Negli anni 80, gran parte dei processi dell’emergenza erano in fase d’istruzione, oppure ancora in corso. L‘introduzione di criteri selettivi avrebbe creato delle situazioni di manifesta antigiuridicità. Persone nel frattempo condannate solo per reati di tipo associativo sarebbero state tutelate a discapito di chi, ancora in attesa di giudizio e dunque sotto il beneficio della presunzione d’innocenza, sarebbe rimasto escluso. Per evitare questo ginepraio insolubile venne salvaguardato il principio astratto e generale dell’asilo, a prescindere dalla regolarizzazione amministrativa, demandata ai criteri d’applicazione delle singole prefetture.
Nonostante le alternanze politiche che seguirono, la situazione restò sostanzialmente immutata per circa un decennio, fino all’indomani dell’entrata dell’Italia nel dispositivo Shengen. Gli automatismi previsti nel sistema della banca dati integrata provocarono diversi arresti. Per porvi rimedio il 4 marzo 1998 il primo ministro, Lionel Jospin, ribadì ufficialmente che il suo governo non aveva l’intenzione di modificare l’atteggiamento tenuto dalla Francia fino ad allora: «Per questo non ha dato e non darà seguito ad alcuna domanda d’estradizione dei fuoriusciti italiani che sono venuti nel nostro paese[…] a seguito di atti di natura violenta d’ispirazione politica repressi nel loro paese». Superata la crisi precise disposizioni furono impartite per disattivare tutte le segnalazioni d’arresto. La successiva introduzione del reciproco riconoscimento delle decisioni di giustizia penale tra gli stati membri dell’Unione inaugura lo spazio giudiziario europeo sotto i cattivi auspici di un disequilibrio tra le accresciute potenzialità repressive delle autorità statali e le ridotte garanzie di tutela dei singoli cittadini. I vari protocolli stabiliti con il sistema informatico Schengen, il mandato d’arresto europeo, Europol ed Eurojust stanno alle vecchie sovranità politiche come la Banca centrale europea sta alla vecchie politiche economiche nazionali di scuola keynesiana.

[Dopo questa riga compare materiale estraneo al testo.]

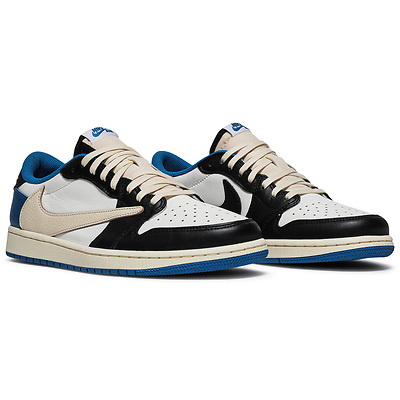 Air Jordan 1 x Travis Scott x Fragment Design Retro Low Military Blue DM7866-140 (Белый) - фото 2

Il ridimensionamento del lodo Mitterrand
Nell’estate del 2002, l’esclusione dal secondo turno delle presidenziali del candidato socialista mise fine alla coabitazione. La destra francese riconquistò dopo 21 anni tutte le leve del potere. In Italia l’attentato al collaboratore del governo Marco Biagi fornì al governo il pretesto tanto atteso per ripartire all’assalto della dottrina Mitterrand. Anzi, i fuoriusciti conservati nel serbatoio dell’esilio apparirono subito una preziosissima risorsa sulla quale far ricadere la responsabilità dei nuovi attentati e distogliere l’attenzione dell’opinione pubblica dallo scandalo suscitato dalla mancata protezione del professore e dalla frase offensiva rivoltagli dal ministro degli Interni Scajola obbligato alle dimissioni.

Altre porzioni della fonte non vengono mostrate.